FIG. 8 shows another flowchart of an example method for use with the method 400, according to an example implementation. Within examples, the additional data of the surrounding environment indicates a spatial layout between the at least one item represented by the additional data of the surrounding environment and the object, and at block 420, functions include generating the knowledge graph to include information indicating the spatial layout between the at least one item represented by the additional data of the surrounding environment and the object. The spatial layout can include or indicate distances between the object and other objects in the environment, for example, a spacing between the chair and the table. Such information may be useful for a robotic device, in instances in which the robotic device is capable of rearranging items in the dining room, so as to reposition the chairs according to the data in the knowledge graph indicating the spatial layout, for example. The spatial layout provides a physical relationship between objects to enable the computing device 108 and/or the robotic device 200 to perform improved artificial intelligence functions due to a better understanding of common layouts of items. The spatial layout can also indicate a canonical layout of items in the home for determination of valid placements of objects, for example.

FIG. 9 shows another flowchart of an example method for use with the method 400, according to an example implementation. At block 422, functions include receiving outputs of the one or more sensors of the computing device, and at block 424, functions include accessing the knowledge graph to determine an identification of one or more objects represented by one or more of the outputs of the one or more sensors of the computing device. In this example scenario, the computing device 108 collects data and references the knowledge graph to perform an object recognition, for example, rather than using a cloud object recognizer. Over time, as the knowledge graph is further enhanced with the additional data, the knowledge graph can be used and referenced for object recognition, activity recognition, etc.

FIG. 10 shows another flowchart of an example method for use with the method 400, according to an example implementation. At block 426, functions include determining a person associated with the object, and at block 428, functions include generating the knowledge graph to include information indicating the person associated with the object to label the object as belonging to the person. For example, the computing device 108 may generate a prompt requesting information of a room, for example, to determine if the room is a bedroom, and if so, what person is associated with this bedroom. In other instances, the computing device 108 may generate a prompt to request information of shoes to determine who owns the shoes. This personal information can also be included into the knowledge graph 500, so as to provide yet further details of objects.

FIG. 11 shows another flowchart of an example method for use with the method 400, according to an example implementation.
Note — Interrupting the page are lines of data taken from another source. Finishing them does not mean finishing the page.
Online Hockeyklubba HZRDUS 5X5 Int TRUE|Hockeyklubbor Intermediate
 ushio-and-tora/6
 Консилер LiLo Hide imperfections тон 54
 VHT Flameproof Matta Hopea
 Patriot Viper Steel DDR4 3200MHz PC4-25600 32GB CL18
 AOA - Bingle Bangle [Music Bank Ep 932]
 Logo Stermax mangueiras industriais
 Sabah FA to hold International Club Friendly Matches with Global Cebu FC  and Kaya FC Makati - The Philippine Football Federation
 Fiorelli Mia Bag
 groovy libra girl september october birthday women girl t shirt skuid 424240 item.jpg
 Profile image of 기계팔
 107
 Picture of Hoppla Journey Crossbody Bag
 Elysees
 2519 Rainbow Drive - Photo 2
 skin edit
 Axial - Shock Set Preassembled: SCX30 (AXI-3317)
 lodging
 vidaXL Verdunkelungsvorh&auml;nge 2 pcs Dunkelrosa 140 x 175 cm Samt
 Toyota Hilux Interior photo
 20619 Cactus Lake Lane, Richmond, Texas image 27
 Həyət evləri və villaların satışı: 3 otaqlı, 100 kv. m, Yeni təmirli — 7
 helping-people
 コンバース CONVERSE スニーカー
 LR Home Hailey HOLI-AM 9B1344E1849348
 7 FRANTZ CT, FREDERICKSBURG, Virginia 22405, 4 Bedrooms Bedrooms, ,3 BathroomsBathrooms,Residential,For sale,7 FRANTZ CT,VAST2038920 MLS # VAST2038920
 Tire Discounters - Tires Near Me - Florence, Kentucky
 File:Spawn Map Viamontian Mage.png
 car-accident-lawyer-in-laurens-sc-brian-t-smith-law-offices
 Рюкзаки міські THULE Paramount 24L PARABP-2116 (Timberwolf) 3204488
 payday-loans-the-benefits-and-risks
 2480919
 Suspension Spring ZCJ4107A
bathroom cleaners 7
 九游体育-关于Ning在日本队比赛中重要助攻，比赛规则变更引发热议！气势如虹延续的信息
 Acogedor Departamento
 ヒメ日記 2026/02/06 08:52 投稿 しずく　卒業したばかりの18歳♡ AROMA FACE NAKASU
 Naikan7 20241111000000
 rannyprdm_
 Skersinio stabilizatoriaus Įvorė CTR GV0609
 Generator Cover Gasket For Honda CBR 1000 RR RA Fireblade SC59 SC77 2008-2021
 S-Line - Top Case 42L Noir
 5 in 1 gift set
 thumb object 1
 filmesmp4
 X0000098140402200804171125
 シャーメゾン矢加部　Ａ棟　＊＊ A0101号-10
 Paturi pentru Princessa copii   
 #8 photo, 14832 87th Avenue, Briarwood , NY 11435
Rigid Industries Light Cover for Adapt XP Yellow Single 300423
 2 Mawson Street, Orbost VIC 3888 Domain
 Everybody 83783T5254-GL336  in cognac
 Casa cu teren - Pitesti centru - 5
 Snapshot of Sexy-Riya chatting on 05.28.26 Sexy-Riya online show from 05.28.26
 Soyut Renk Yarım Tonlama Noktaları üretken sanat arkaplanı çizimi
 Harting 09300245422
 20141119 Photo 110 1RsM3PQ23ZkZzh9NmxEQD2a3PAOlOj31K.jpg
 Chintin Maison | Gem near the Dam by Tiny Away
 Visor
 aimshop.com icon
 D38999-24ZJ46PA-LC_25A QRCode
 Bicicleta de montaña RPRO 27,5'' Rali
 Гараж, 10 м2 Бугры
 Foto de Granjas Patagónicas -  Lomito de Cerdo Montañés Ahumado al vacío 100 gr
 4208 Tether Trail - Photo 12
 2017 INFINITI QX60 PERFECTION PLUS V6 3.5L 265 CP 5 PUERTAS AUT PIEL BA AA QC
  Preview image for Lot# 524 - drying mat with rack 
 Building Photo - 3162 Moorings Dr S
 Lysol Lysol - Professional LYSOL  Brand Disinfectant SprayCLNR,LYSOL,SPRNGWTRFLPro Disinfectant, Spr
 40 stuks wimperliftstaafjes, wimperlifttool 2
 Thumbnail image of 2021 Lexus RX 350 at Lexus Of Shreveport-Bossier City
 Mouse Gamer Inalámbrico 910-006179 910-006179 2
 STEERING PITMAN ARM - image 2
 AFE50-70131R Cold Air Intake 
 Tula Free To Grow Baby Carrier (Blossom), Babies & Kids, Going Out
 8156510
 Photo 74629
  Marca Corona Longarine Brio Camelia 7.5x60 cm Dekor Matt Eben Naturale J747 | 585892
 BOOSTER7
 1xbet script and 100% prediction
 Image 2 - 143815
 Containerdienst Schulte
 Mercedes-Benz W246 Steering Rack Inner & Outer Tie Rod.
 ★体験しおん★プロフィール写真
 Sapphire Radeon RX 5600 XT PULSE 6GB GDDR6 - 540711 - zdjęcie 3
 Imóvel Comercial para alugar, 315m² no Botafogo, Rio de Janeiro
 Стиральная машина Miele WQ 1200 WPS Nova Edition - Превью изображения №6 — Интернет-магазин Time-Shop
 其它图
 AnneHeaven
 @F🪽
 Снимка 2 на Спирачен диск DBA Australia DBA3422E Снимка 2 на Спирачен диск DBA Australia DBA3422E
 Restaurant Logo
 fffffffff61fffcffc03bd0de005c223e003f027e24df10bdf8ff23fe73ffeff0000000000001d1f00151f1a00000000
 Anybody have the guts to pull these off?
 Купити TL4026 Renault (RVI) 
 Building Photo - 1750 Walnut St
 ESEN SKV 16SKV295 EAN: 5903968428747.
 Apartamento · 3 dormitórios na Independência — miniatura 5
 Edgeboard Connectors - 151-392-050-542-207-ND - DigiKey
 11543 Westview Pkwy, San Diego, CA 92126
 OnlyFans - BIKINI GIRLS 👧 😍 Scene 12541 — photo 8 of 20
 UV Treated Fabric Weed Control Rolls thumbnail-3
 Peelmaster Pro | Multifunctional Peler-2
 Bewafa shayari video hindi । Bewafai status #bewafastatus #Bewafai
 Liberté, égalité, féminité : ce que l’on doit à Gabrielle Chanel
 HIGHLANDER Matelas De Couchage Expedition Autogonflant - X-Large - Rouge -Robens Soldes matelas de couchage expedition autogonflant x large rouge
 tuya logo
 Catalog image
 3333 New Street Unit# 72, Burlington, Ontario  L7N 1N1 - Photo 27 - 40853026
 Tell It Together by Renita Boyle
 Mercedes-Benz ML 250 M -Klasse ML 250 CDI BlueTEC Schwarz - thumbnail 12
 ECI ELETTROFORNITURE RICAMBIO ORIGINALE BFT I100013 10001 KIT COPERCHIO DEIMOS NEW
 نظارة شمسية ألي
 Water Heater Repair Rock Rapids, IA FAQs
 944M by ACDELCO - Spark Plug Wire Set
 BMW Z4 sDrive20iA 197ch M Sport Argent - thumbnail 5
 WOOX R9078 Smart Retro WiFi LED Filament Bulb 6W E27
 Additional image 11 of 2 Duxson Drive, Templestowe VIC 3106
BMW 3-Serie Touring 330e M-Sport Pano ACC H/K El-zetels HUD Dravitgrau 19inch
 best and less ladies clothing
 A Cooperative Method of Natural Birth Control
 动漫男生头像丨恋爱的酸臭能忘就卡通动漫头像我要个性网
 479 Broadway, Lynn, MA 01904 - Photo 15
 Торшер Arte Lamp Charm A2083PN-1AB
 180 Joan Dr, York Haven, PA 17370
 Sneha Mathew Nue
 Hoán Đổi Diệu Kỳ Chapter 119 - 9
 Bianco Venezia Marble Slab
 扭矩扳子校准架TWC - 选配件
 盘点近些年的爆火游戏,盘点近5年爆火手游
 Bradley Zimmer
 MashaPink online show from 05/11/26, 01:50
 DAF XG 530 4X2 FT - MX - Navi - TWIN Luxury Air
At block 430, functions include receiving, from another server, information indicating an activity related to a scene in the 2D image of the object, and at block 432, functions include generating the knowledge graph to include the information indicating the activity associated with the identification of the object. Activity can be determined by reference to a cloud activity recognition server. For example, the computing device 108 may send the 2D image to the cloud activity recognition server, which performs functions to determine an activity occurring in a scene of the image, and returns information indicating the identified activity to the computing device 108. Such information can be added to the knowledge graph 500, as shown in FIG. 5.

FIG. 12 shows another flowchart of an example method for use with the method 400, according to an example implementation. At block 434, functions include determining whether the object is stationary or movable, and at block 436, functions include generating the knowledge graph to include information indicating whether the object is stationary or movable. As an example, images of the object can be analyzed, using a cloud server, to determine if the object moves or not. Additionally or alternatively, once an identification of the object is determined, web searches can be performed to query whether such an object has a capability to autonomously move. Still further, the computing device 108 and/or the robotic device 200 may simply generate a prompt (e.g., audio or visual display) to query the user as to whether the identified object has a capability to autonomously move. Resulting information can be associated with the object in the knowledge graph (e.g., a plate is a static item).

FIG. 13-19 are conceptual illustrations of additional data obtained of objects and of a surrounding environment of the objects, according to example implementations. FIG. 13 is a conceptual illustration of an example two-dimensional (2D) image of an object 500, for example, a couch. Following, additional data of the couch and the environment of the couch can be obtained.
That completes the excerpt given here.